The Last Unicorn: The Lost Version
- Front cover of the limited edition
- Author: Peter S. Beagle
- Cover artist: Michael Kaluta
- Series: Last Unicorn
- Genre: Fantasy
- Published: 2006 Subterranean Press
- Publication place: United States
- Media type: Print (limited hardcover)
- Pages: 92
- ISBN: 978-1-59606-083-8
- OCLC: 82369523

= The Last Unicorn: The Lost Version =

2006 novella by Peter S. Beagle

The Last Unicorn: The Lost Version is a fantasy novella by Peter S. Beagle, a preliminary version of the original manuscript of The Last Unicorn (1968), originally written in 1962. It was printed as a 1,000-copy limited edition hardcover by Subterranean Press in 2006.

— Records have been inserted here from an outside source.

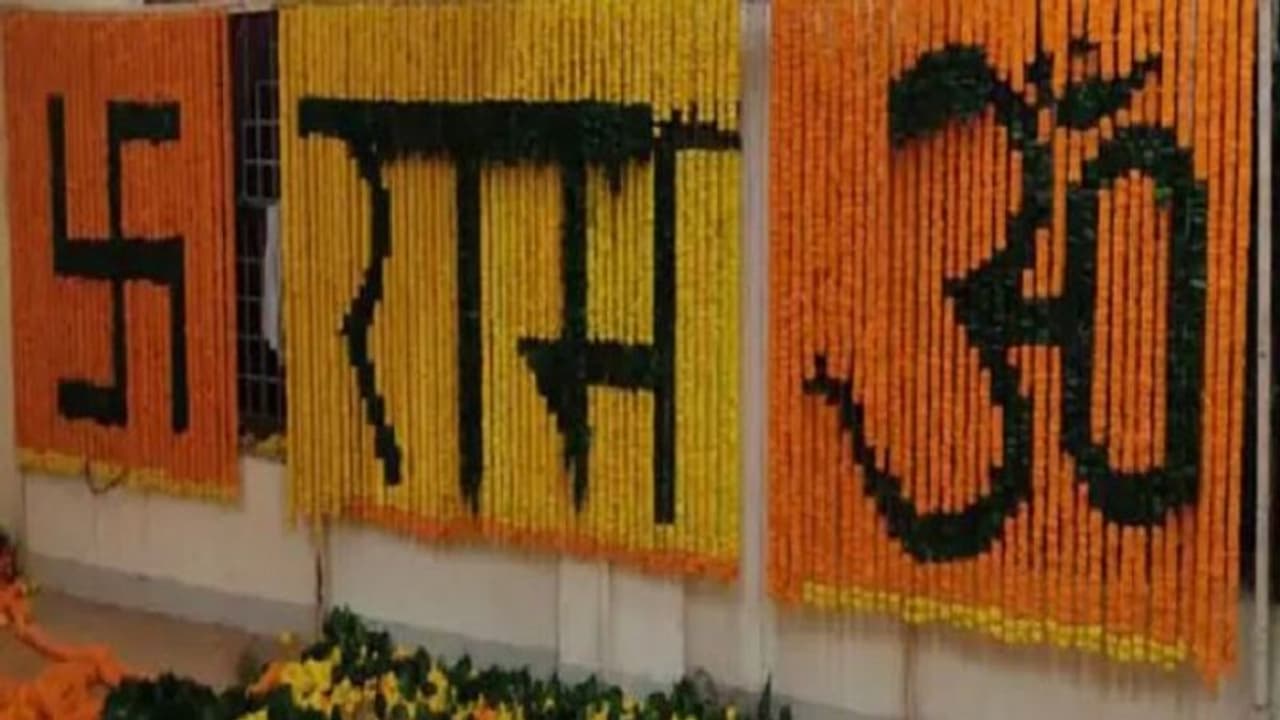 25 तरीकों के फूलों से सज रहा PM मोदी का मंच, अयोध्या दीपोत्सव में LED प्रोजेक्टर से देख सकेंगे राम की कहानी 25 तरीकों के फूलों से सज रहा PM मोदी का मंच, अयोध्या दीपोत्सव में LED प्रोजेक्टर से देख सकेंगे राम की कहानी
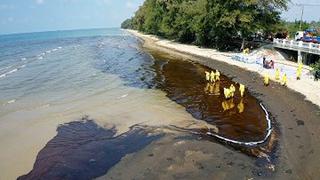 Empresa petrolera derrama entre 20 y 50 toneladas de crudo al mar de Tailandia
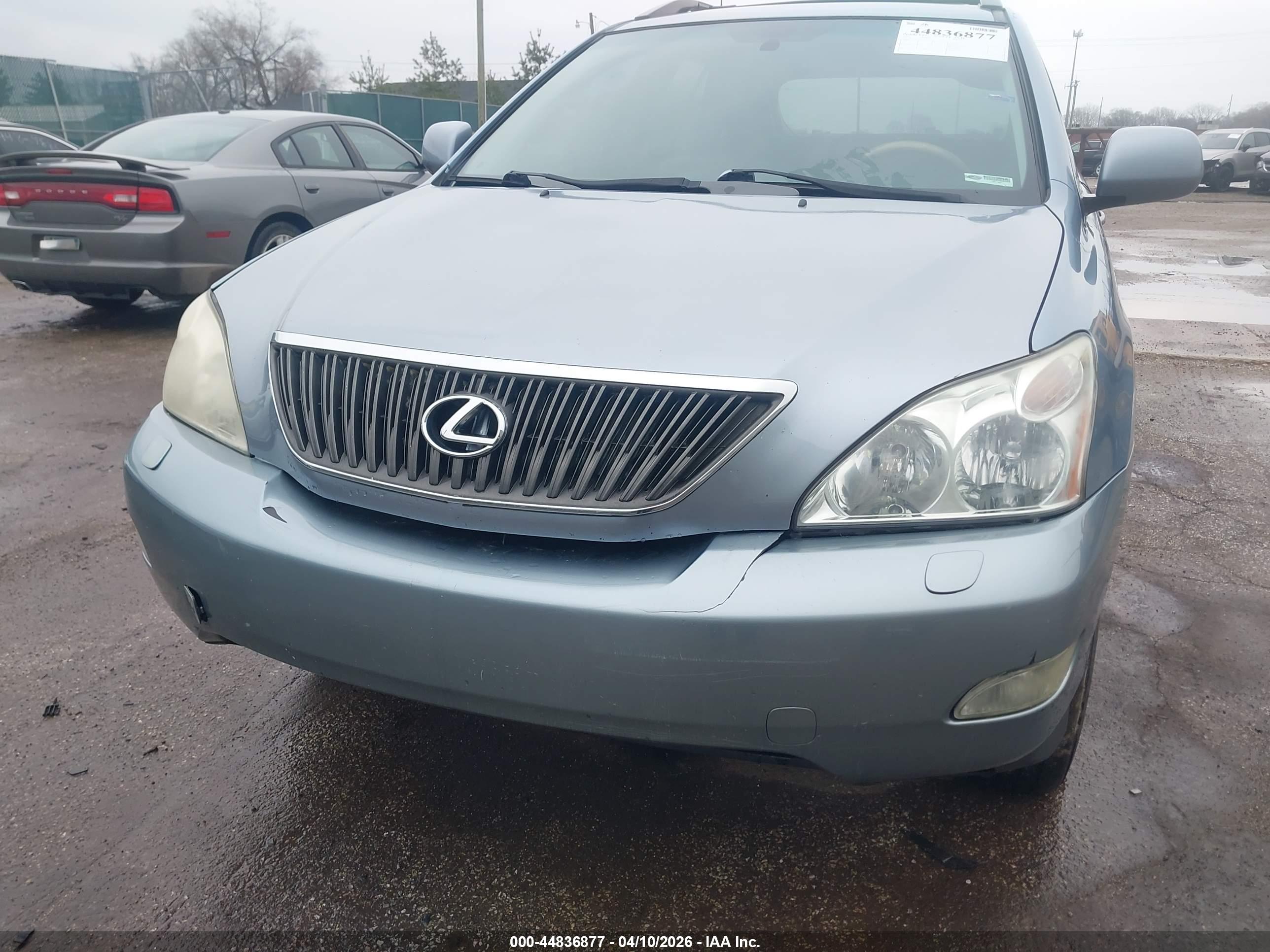 LEXUS RX image 6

This slim volume contained Beagle's original 85-page unfinished start on the story, plus a new introduction and afterword that set the fragment in context and discuss the differences between it and the complete novel published in 1968. These differences are extensive: the story takes place in the modern world, and aside from the unicorn and the butterfly, it contains none of the familiar characters from the novel. (The unicorn's traveling companion is a demon with two heads, one named Webster and the other Azazel.)

This original fragment was also scheduled to be reprinted in The First Last Unicorn and Other Beginnings, from Conlan Press in December 2014, but the publication was abandoned. Tachyon Publications reprinted the text again in 2018 under the title The Last Unicorn: The Lost Journey.